What am I supposed to do here?

The sum of the zeros of the function y = f (x) which contains the points A (2,6) and B (-1, -6) and which y '' = 2, is?

My thought was to use a formula for the slope but the formula for the slope with two points is the equation of a line and this might be a curve... Any advice? What should I look for?

 

[BigBeachBanana]

[math]y'=\int y'' \,dx\\ y=\int y' \,dx[/math]

 

[Deleted member 4993]

What am I supposed to do here?

The sum of the zeros of the function y = f (x) which contains the points A (2,6) and B (-1, -6) and which y '' = 2, is?

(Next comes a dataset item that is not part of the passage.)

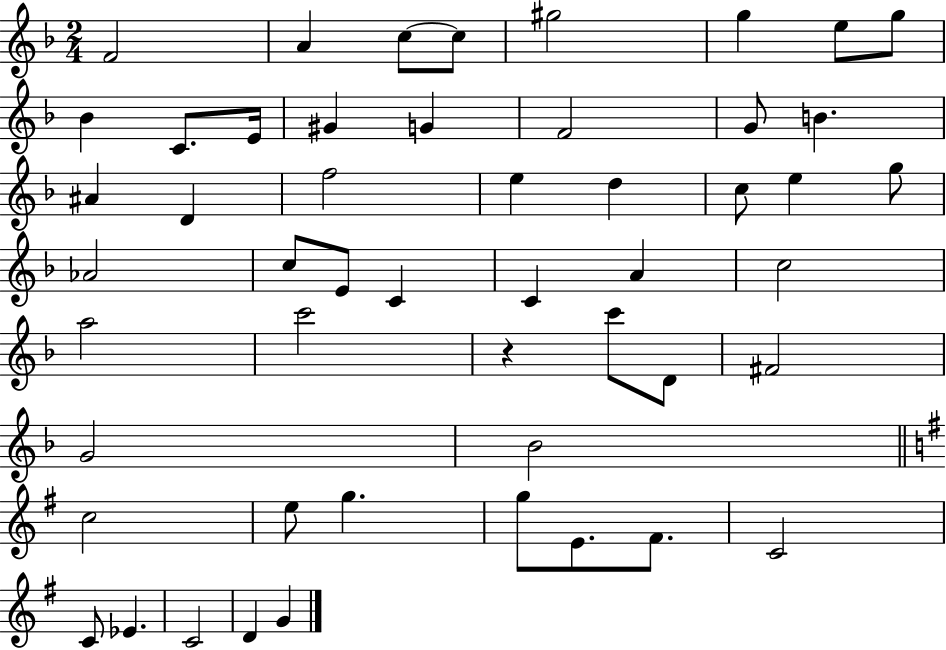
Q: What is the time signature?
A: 2/4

My thought was to use a formula for the slope but the formula for the slope with two points is the equation of a line and this might be a curve... Any advice? What should I look for?

If I were to do this problem, I would assume the function is y = x² + B*x + C and solve.

 

[Loki123]

If I were to do this problem, I would assume the function is y = x² + B*x + C and solve.

Why not ax^2?

 

[Loki123]

If I were to do this problem, I would assume the function is y = x² + B*x + C and solve.

If i assume that
y'=2x+b

y=x^2+bx+c
(2,6)
6=4+2b+c
2=2b+c (1)

(-1,-6)
-6=1-b+c
-7=-b+c (2)

(2)-(1)
-9=-3b
b=3
2=6+c
c=-4

x^2+3x-4=0
(-3+/-sqrt(9+16))/2
(-3+/-5)/2
x1=1
X2=-4

X1+x2=-3 or -b/a=-3
What do you think?

 

[BigBeachBanana]

If i assume that
y'=2x+b

y=x^2+bx+c
(2,6)
6=4+2b+c
2=2b+c (1)

(-1,-6)
-6=1-b+c
-7=-b+c (2)

(2)-(1)
-9=-3b
b=3
2=6+c
c=-4

x^2+3x-4=0
(-3+/-sqrt(9+16))/2
(-3+/-5)/2
x1=1
X2=-4

X1+x2=-3 or -b/a=-3
What do you think?

You shouldn't have to assume that form. If you consider what I said in#2, you can show the function is in that form.

 

[Loki123]

You shouldn't have to assume that form. If you consider what I said in#2, you can show the function is in that form.

Ooh I get it, I can use integral to get first derivative. Thanks

 

[Steven G]

Why not ax^2?

What is the value of a which makes the 2nd derivative of ax^2 +bx +c equal to 2?